Bahkan untuk hal-hal yang tidak jelas kechinaannya, seperti Kungfu, tetap digemari oleh masyarakat luas, dan bahkan masyarakat tetap percaya bahwa kungfu itu identik dengan china. Padahal kungfu belum tentu ada di china. Ia baru populer setelah para produser film di Hongkong dan Hollywood mempopulerkan seni beladiri ini melalui movie, dengan tokohnya Bruce Lee.




Kesimpulannya, etnis Tionghoa sudah sejak awal ikut menyebarkan agama Islam, agama yang dipeluk oleh sebagian besar masyarakat Indonesia. Tradisi China tidak mengalami penolakan, bahkan terjadi keselarasan. Makanan, obat-obatan, dan busana Cina diterima dengan baik, bahkan untuk busana beribadah (sembahyang) sekalipun. Dan ini berarti telah terjadi
pembauran yang sempurna diantara masyarakat Tionghoa dan non Tionghoa di kawasan Nusantara ini.


Lalu mengapa masih ada masalah pembauran (atau asimilasi)? Lalu mengapa masih ada tindak kekerasan yang menyebabkan etnis Tionghoa sebagai korban utamanya? Mengapa hal itu tidak terjadi pada non pribumi keturunan India (Hindu) dan Arab serta Eropa? Mengapa orang-orang Jepang (sebagai orang asing) leluasa mengembangkan bisnisnya di Indonesia padahal mereka pernah menjajah Indonesia selama 3 tahun lebih?

Nampaknya, bukan pembauran atau asimilasi yang menjadi masalah, tetapi konflik diantara dua etnis, etnis Tionghoa pada satu sisi dan non Tionghoa pada sisi lainnya. Mengapa hal ini bisa terjadi? Mengapa peristiwa Mei 1998 bisa terjadi, padahal pembauran berlangsung sempurna?

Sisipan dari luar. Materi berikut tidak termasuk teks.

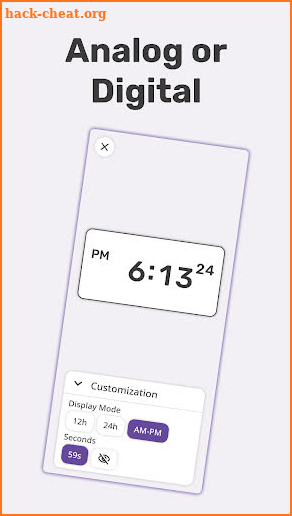 Know Clock screenshot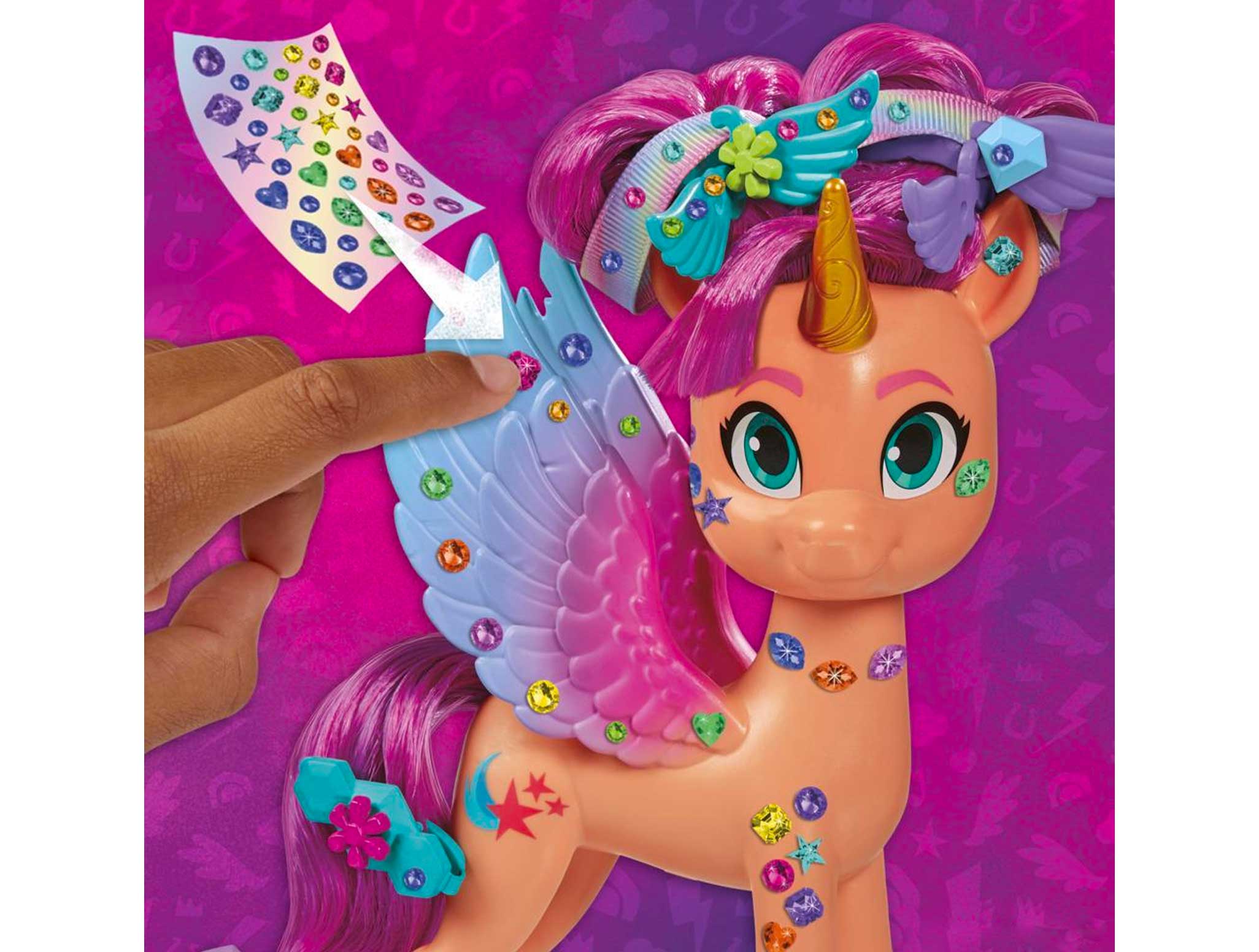 My Little Pony A New Generation: Sunny Starscout Peinados Con Estilo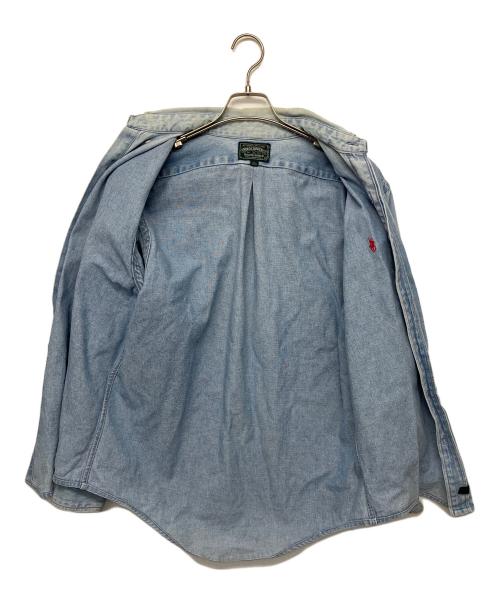 POLO COUNTRY（ポロカントリー）POLO COUNTRY (ポロカントリー) 長袖シャツ インディゴ サイズ:Mの古着・服飾アイテム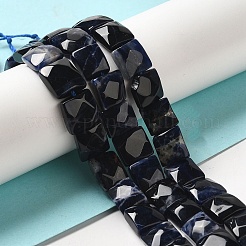 Natural Sodalite Beads Strands&nbsp;G-C109-A08-01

Masih pantaskah kita menyalahkan kolonialisme Belanda yang menerapkan politik divide et impera-nya sebagai penyebabnya? Atau, masih pantaskah kita menyalahkan orde baru yang menerapkan politik diskriminatifnya?

Atau untuk mudahnya, kita tuduh saja sejumlah nama (dan institusi) sebagai penyebab terjadinya konflik ini. Misalnya, Gus Dur, Megawati, Amien Rais, Adi Sasono, Habibie, Prabowo, Beni Murdani, Ahmad Suwargono, Theo Syafei, Ali Moertopo, CSIS, KISDI, ICMI, Glostand, Kompas, Republika, Sams, Dave, Mustafa, Iming, Jim, dan sebagainya. Lalu kita rangkai cerita tentang itu semua.

Cara yang mudah memang, tapi sama sekali tidak menyelesaikan masalah (konflik). Nampaknya yang kita butuhkan adalah kesabaran dan kearifan. Kesabaran dan kearifan dalam mengenali permasalahan. Juga, kesabaran dan kearifan dalam merumuskan jalan keluarnya. Gontok-gontokan dan saling tuding cuma merugikan etnis Tionghoa.

Oleh karena itu, saya menilai imbauan agar etnis Tionghoa mengerti politik adalah relevan dan sangat tepat. Bahkan imbauan itu sangat relevan dan tepat pula bila ditujukan kepada segenap bangsa, seperti guru, karyawan swasta, pegawai negeri, petani, nelayan, mahasiswa, pelajar, dan sebagainya, sehingga kita semua tidak dijadikan objek politik. Sehingga kita semua tidak dipinteri sepanjang waktu.